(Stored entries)

★ ★ ★ ★ ★ ★ ★

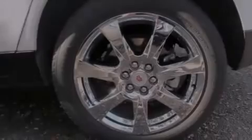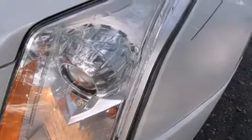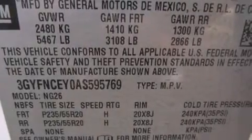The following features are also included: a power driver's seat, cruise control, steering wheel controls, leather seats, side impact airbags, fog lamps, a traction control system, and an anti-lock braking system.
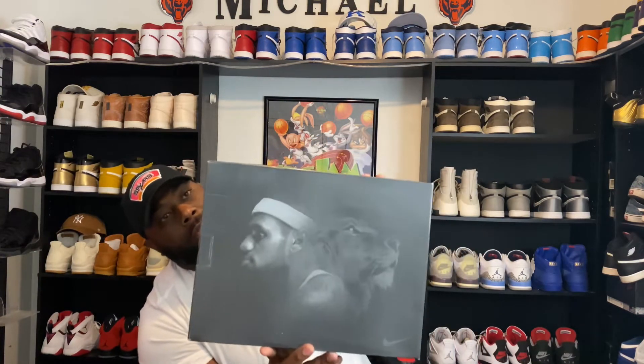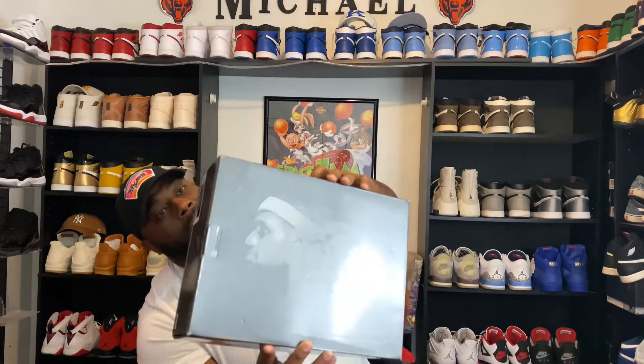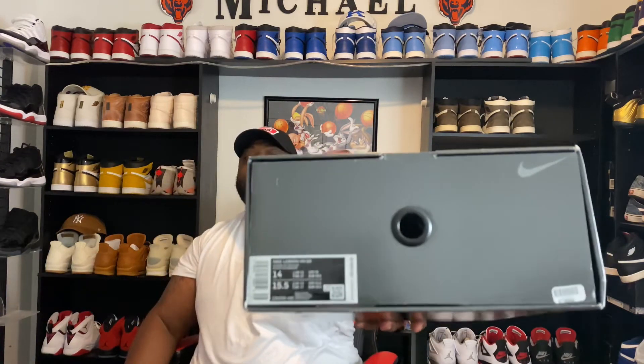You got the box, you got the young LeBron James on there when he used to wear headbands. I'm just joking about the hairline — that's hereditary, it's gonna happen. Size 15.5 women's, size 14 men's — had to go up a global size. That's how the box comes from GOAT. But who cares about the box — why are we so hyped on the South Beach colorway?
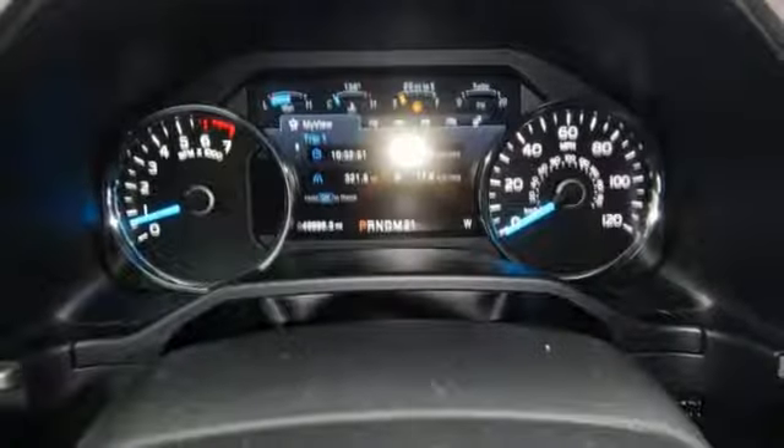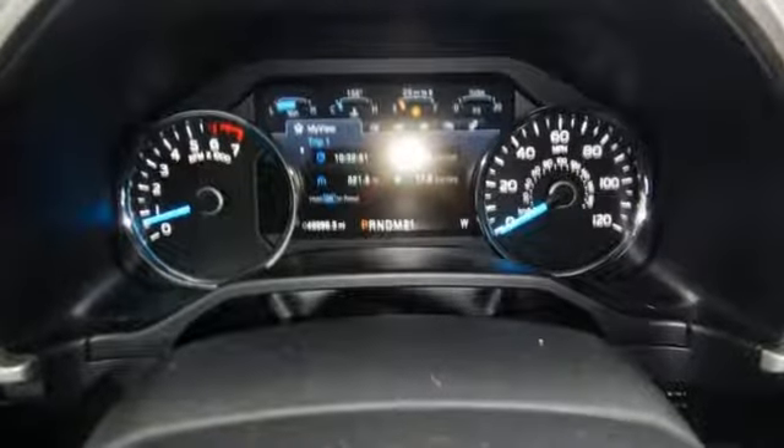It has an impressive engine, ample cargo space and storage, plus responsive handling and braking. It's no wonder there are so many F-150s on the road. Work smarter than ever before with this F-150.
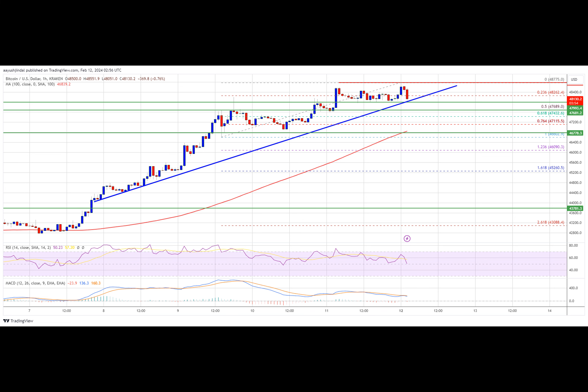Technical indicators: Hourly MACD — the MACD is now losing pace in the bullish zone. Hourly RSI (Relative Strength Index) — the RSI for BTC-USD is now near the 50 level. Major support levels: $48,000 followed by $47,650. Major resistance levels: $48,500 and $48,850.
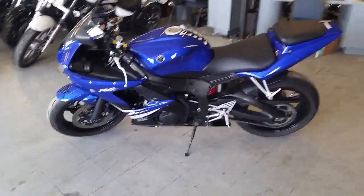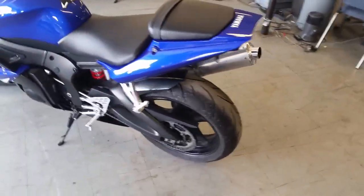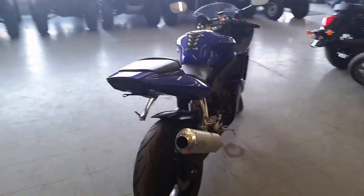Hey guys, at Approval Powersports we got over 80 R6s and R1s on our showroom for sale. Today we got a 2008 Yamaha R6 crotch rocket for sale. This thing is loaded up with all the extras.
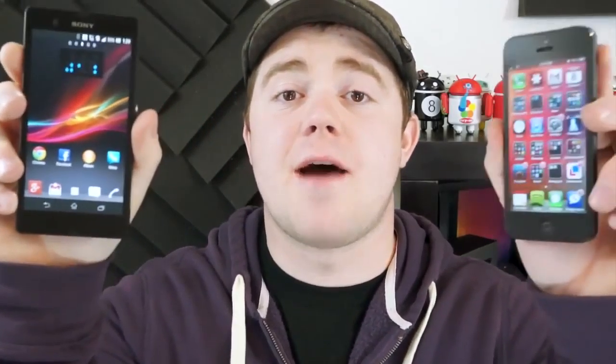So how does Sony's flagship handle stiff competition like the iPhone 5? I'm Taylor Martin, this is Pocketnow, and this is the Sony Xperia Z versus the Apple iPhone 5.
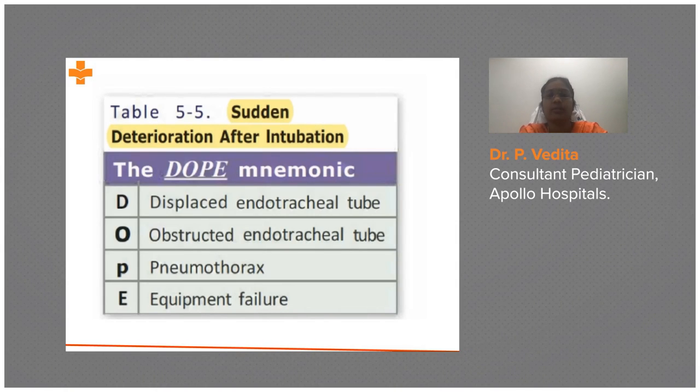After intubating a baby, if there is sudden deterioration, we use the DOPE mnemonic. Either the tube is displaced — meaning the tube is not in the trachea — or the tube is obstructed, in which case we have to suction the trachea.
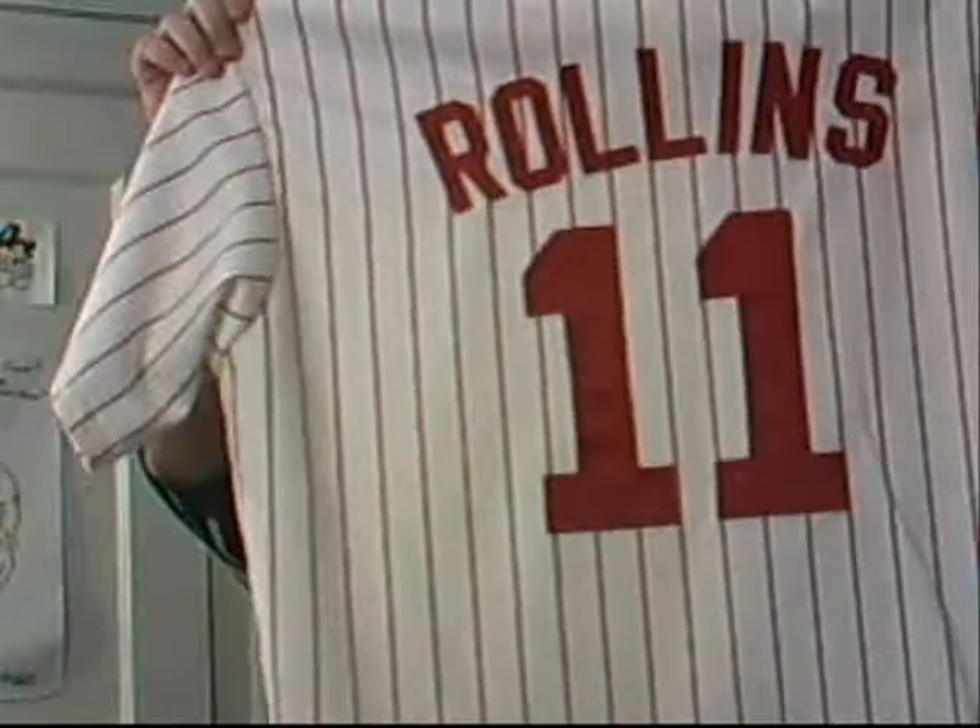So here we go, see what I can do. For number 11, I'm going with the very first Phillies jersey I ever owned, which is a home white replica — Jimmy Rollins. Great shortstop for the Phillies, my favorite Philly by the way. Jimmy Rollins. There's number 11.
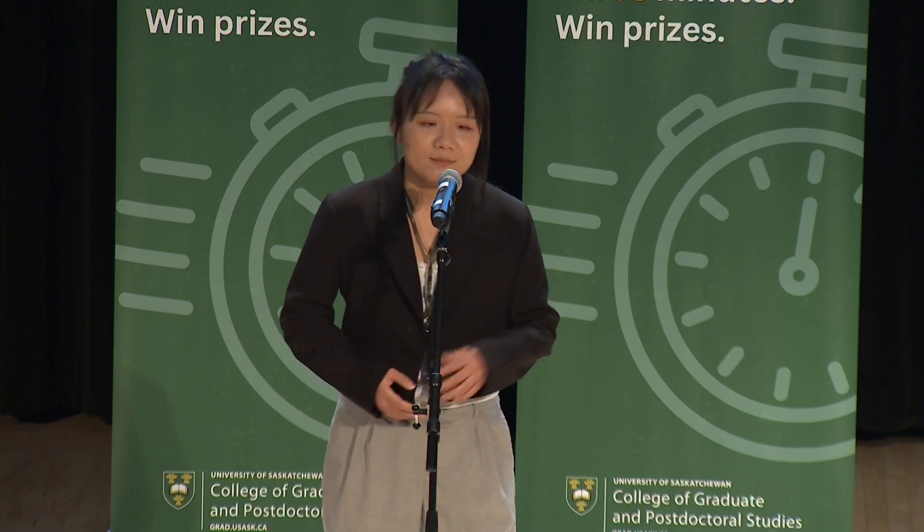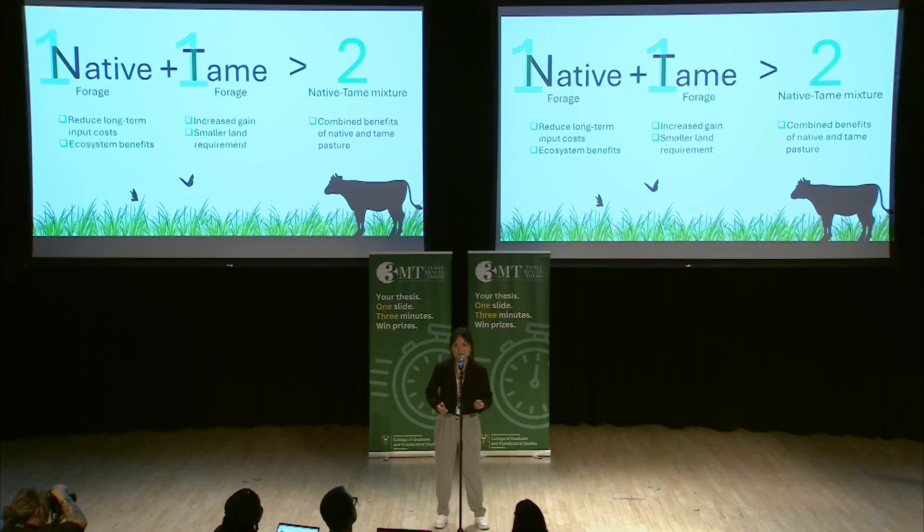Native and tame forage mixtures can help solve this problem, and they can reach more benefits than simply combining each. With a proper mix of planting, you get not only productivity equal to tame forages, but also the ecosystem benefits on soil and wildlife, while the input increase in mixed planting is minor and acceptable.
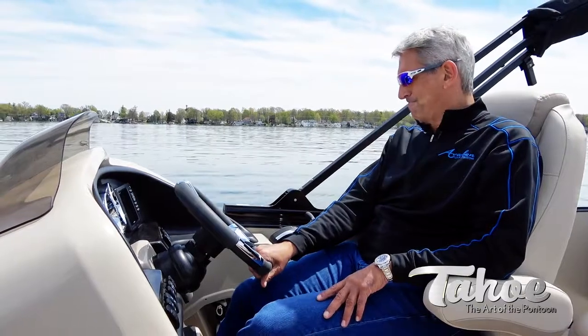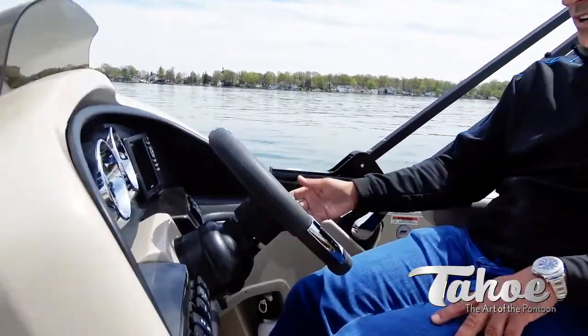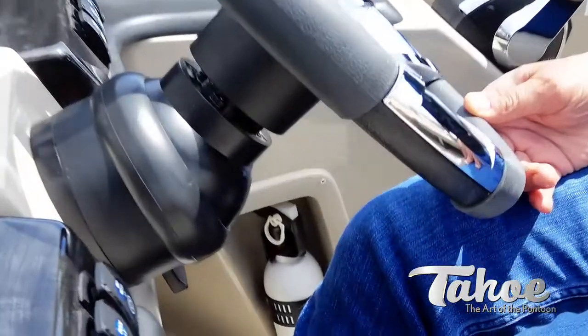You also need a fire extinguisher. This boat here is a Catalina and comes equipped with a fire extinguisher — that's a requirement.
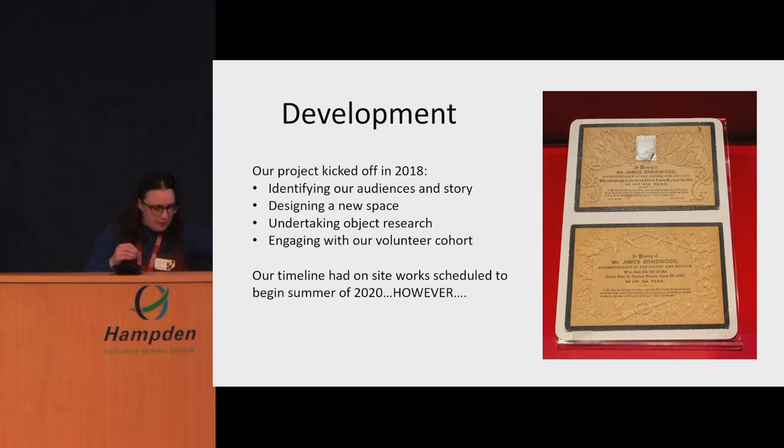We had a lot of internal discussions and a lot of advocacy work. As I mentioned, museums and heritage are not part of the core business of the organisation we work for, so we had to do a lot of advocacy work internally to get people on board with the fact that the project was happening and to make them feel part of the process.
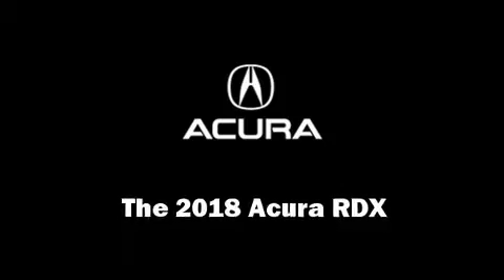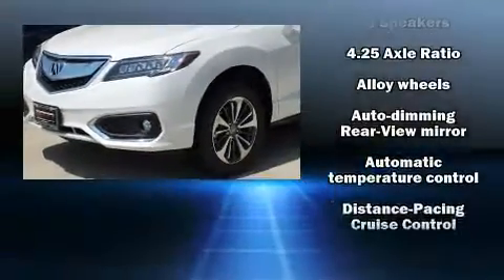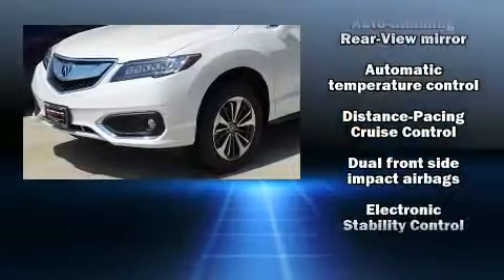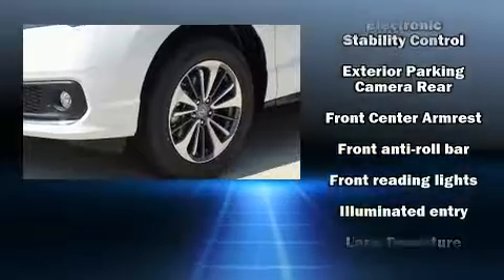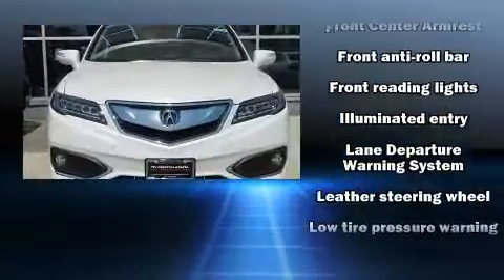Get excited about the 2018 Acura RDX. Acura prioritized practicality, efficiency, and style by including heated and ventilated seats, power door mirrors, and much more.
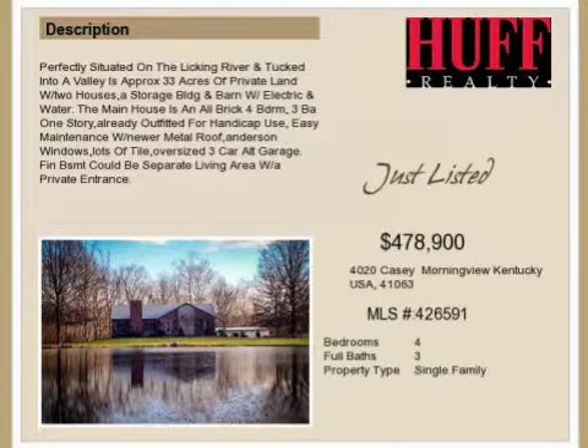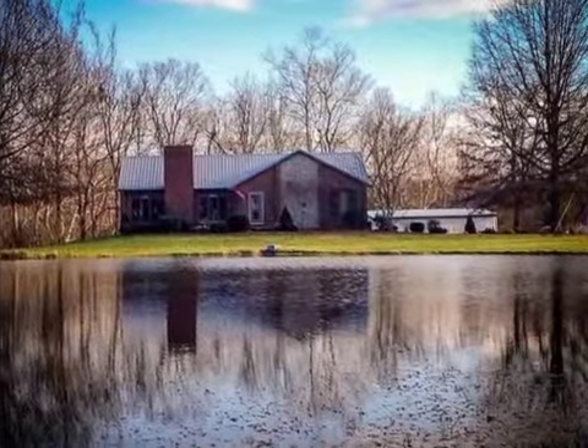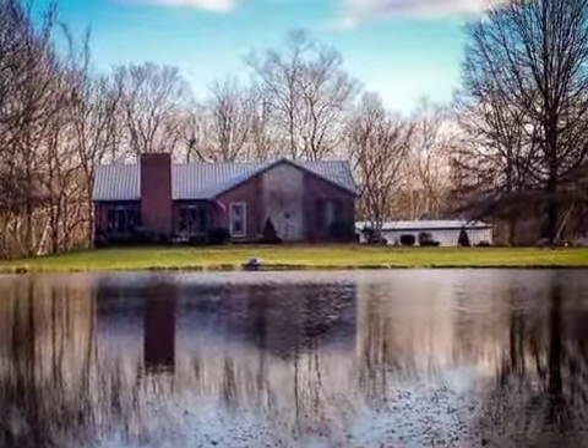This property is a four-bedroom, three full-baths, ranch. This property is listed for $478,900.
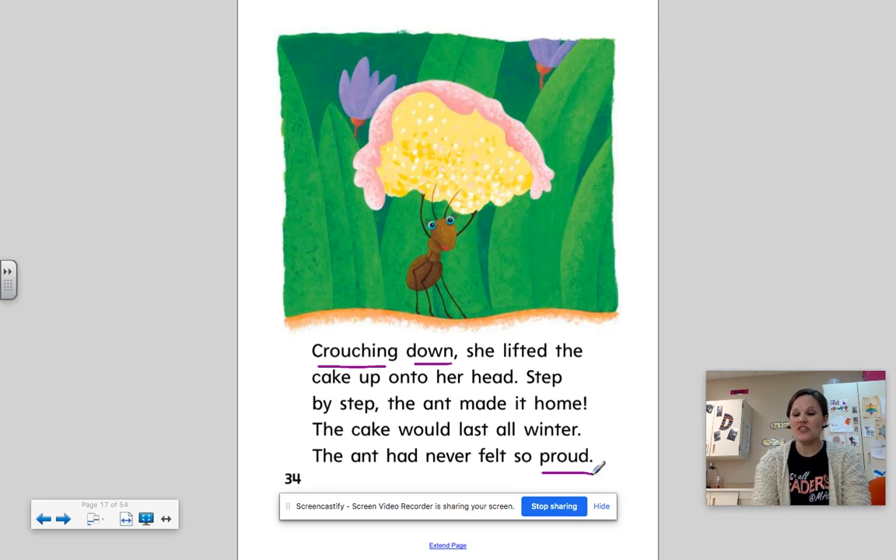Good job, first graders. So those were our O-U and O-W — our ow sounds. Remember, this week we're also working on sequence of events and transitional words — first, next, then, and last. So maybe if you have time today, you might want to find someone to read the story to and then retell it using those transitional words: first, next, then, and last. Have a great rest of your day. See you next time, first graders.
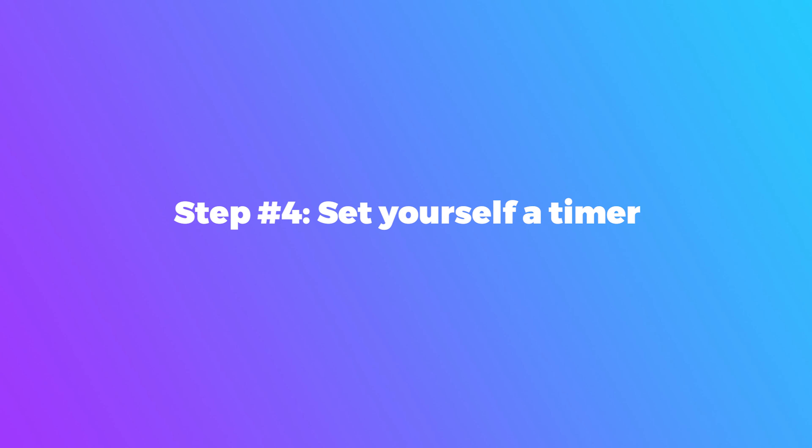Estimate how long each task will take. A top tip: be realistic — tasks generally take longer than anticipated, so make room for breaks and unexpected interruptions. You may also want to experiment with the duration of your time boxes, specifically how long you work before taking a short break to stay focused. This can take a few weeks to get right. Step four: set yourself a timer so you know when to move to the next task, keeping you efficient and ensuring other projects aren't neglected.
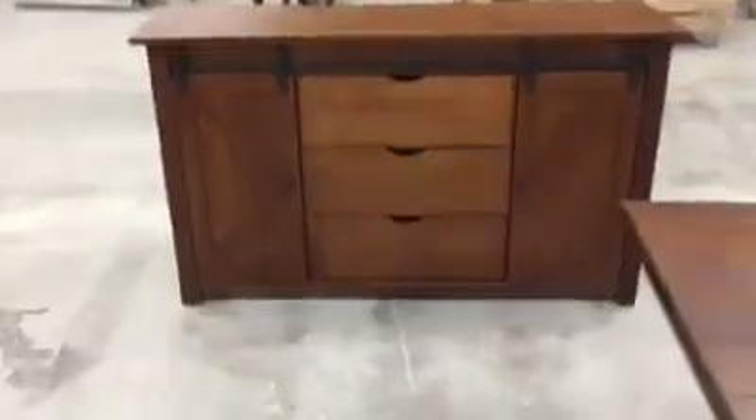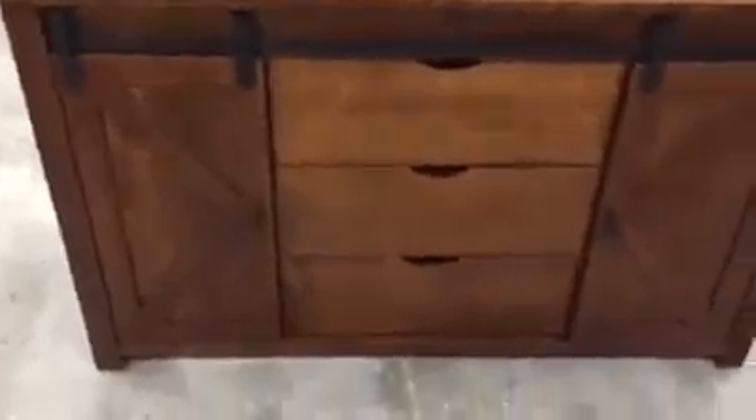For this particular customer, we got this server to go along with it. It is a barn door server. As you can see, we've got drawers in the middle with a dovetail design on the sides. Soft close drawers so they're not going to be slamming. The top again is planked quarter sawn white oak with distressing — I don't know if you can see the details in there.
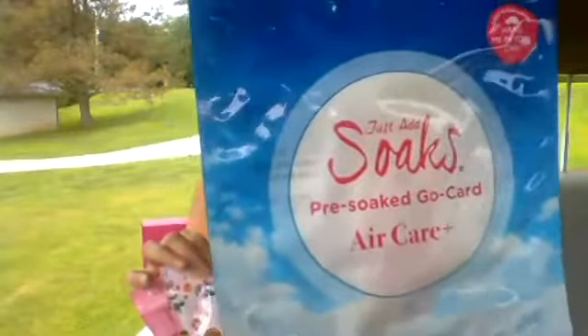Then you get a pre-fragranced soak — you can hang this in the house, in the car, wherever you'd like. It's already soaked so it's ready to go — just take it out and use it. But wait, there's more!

★ ★ ★ ★ ★ ★ ★

Work order:
Transcribe the records above exactly, leaving every picture out of the copy.

Reply to the task:
The following features are also included: a power driver's seat, cruise control, steering wheel controls, leather seats, side impact airbags, fog lamps, a traction control system, and an anti-lock braking system.
You got the box, you got the young LeBron James on there when he used to wear headbands. I'm just joking about the hairline — that's hereditary, it's gonna happen. Size 15.5 women's, size 14 men's — had to go up a global size. That's how the box comes from GOAT. But who cares about the box — why are we so hyped on the South Beach colorway?
It has an impressive engine, ample cargo space and storage, plus responsive handling and braking. It's no wonder there are so many F-150s on the road. Work smarter than ever before with this F-150.
Technical indicators: Hourly MACD — the MACD is now losing pace in the bullish zone. Hourly RSI (Relative Strength Index) — the RSI for BTC-USD is now near the 50 level. Major support levels: $48,000 followed by $47,650. Major resistance levels: $48,500 and $48,850.
Hey guys, at Approval Powersports we got over 80 R6s and R1s on our showroom for sale. Today we got a 2008 Yamaha R6 crotch rocket for sale. This thing is loaded up with all the extras.
So how does Sony's flagship handle stiff competition like the iPhone 5? I'm Taylor Martin, this is Pocketnow, and this is the Sony Xperia Z versus the Apple iPhone 5.
After intubating a baby, if there is sudden deterioration, we use the DOPE mnemonic. Either the tube is displaced — meaning the tube is not in the trachea — or the tube is obstructed, in which case we have to suction the trachea.
So here we go, see what I can do. For number 11, I'm going with the very first Phillies jersey I ever owned, which is a home white replica — Jimmy Rollins. Great shortstop for the Phillies, my favorite Philly by the way. Jimmy Rollins. There's number 11.
Native and tame forage mixtures can help solve this problem, and they can reach more benefits than simply combining each. With a proper mix of planting, you get not only productivity equal to tame forages, but also the ecosystem benefits on soil and wildlife, while the input increase in mixed planting is minor and acceptable.
You also need a fire extinguisher. This boat here is a Catalina and comes equipped with a fire extinguisher — that's a requirement.
We had a lot of internal discussions and a lot of advocacy work. As I mentioned, museums and heritage are not part of the core business of the organisation we work for, so we had to do a lot of advocacy work internally to get people on board with the fact that the project was happening and to make them feel part of the process.
Get excited about the 2018 Acura RDX. Acura prioritized practicality, efficiency, and style by including heated and ventilated seats, power door mirrors, and much more.
This property is a four-bedroom, three full-baths, ranch. This property is listed for $478,900.
Good job, first graders. So those were our O-U and O-W — our ow sounds. Remember, this week we're also working on sequence of events and transitional words — first, next, then, and last. So maybe if you have time today, you might want to find someone to read the story to and then retell it using those transitional words: first, next, then, and last. Have a great rest of your day. See you next time, first graders.
Estimate how long each task will take. A top tip: be realistic — tasks generally take longer than anticipated, so make room for breaks and unexpected interruptions. You may also want to experiment with the duration of your time boxes, specifically how long you work before taking a short break to stay focused. This can take a few weeks to get right. Step four: set yourself a timer so you know when to move to the next task, keeping you efficient and ensuring other projects aren't neglected.
For this particular customer, we got this server to go along with it. It is a barn door server. As you can see, we've got drawers in the middle with a dovetail design on the sides. Soft close drawers so they're not going to be slamming. The top again is planked quarter sawn white oak with distressing — I don't know if you can see the details in there.
Then you get a pre-fragranced soak — you can hang this in the house, in the car, wherever you'd like. It's already soaked so it's ready to go — just take it out and use it. But wait, there's more!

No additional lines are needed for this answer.